Neste excelente livro o autor, tenente coronel António Lopes Pires Nunes, relata minuciosamente o que se passou na guerra do Leste de Angola. Sugerimos vivamente a sua leitura a todos aqueles que estão interessados em saber a verdade sobre a descolonização e a guerra em Angola. Como o livro tem copyright e não será fácil de adquirir àqueles que vivem em Angola, solicitamos a complacência da Editora e do Autor. Obrigado

(...) No dia 15 de Março de 1961, Angola acordou sobressaltada com notícias preocupantes sobre algo de muito grave que ocorria nos distritos de Uíge, Zaire e Cuanza Norte. Os portugueses tomaram, então, conhecimento da existência da UPA (União dos Povos de Angola), movimento independentista que, acoitado no Congo ex-belga e com o apoio de algumas organizações internacionais, cometia naquela região um generalizado massacre. Hordas enlouquecidas, armadas com catanas, assassinavam selvatícamente pessoas de todas as raças, credos e idades, destruíam as estruturas económicas e viárias e incendiavam as fazendas e as povoações daquela tão vasta e rica região, fazendo do Norte de Angola um verdadeiro inferno. Desolação, casas fumegantes, estradas cortadas e cadáveres por todo o lado, era só o que a observação aérea podia detectar. As populações aterrorizadas refugiaram-se nas matas, fugiram para os países vizinhos ou acolheram-se a alguns núcleos de resistência, como Carmona, Negage, Mucaba ou Quimbele, aguardando a chegada de socorros. Por seu lado, as autoridades militares reagiram às atrocidades com as poucas forças armadas disponíveis, que unidades metropolitanas reforçaram, e sustiveram o ímpeto da UPA.

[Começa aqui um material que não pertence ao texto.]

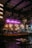 A cozy, dimly lit bar with a neon sign reading 'Bar Italiano' above a well-stocked shelf of bottles. Warm lighting hangs over the bar counter, and tables with chairs are arranged in the foreground. A person is working behind the counter, with glasses and bottles neatly organized.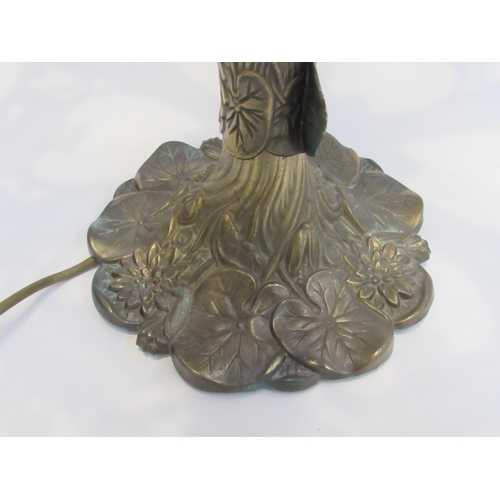 7806A - A circa 1975 embossed brass table lamp with lily pattern a/f   (R) £50 FIRM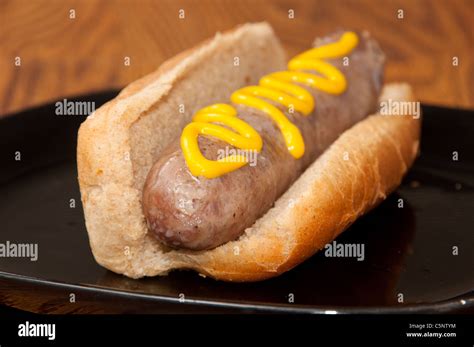 Cooked Bratwurst On A Bun Topped With Mustard Stock Photo Alamy
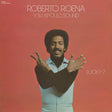Album cover with a person in front of a red background and text 'Roberto Roena Y Su Apollo Sound Lucky 7'.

A data iria marcar o início de uma longa guerra subversiva que Portugal viveu em Angola, entre 1961 e 1974, que se foi agudizando com a transformação da UPA em FNLA (Frente Nacional de Libertação de Angola), o aparecimento, do MPLA (Movimento Popular de Libertação de Angola) e, mais tarde, da UNITA (União Nacional Para a Independência Total de Angola). As catanas, que eram instrumentos de trabalho, foram substituídas por armas automáticas, minas e morteiros e as hordas deram lugar a grupos de guerrilha instruídos que enfrentavam, agora, não populações indefesas mas as FAP (Forças Armadas Portuguesas).

As ideias independentistas que norteavam estes movimentos colhiam crescente apoio internacional e Portugal, como não aceitou discutir a independência deste seu território de Além-Mar, que considerava ser uma sua província ultramarina, foi ficando isolado, nomeadamente em relação a países que tradicionalmente eram seus amigos e aliados.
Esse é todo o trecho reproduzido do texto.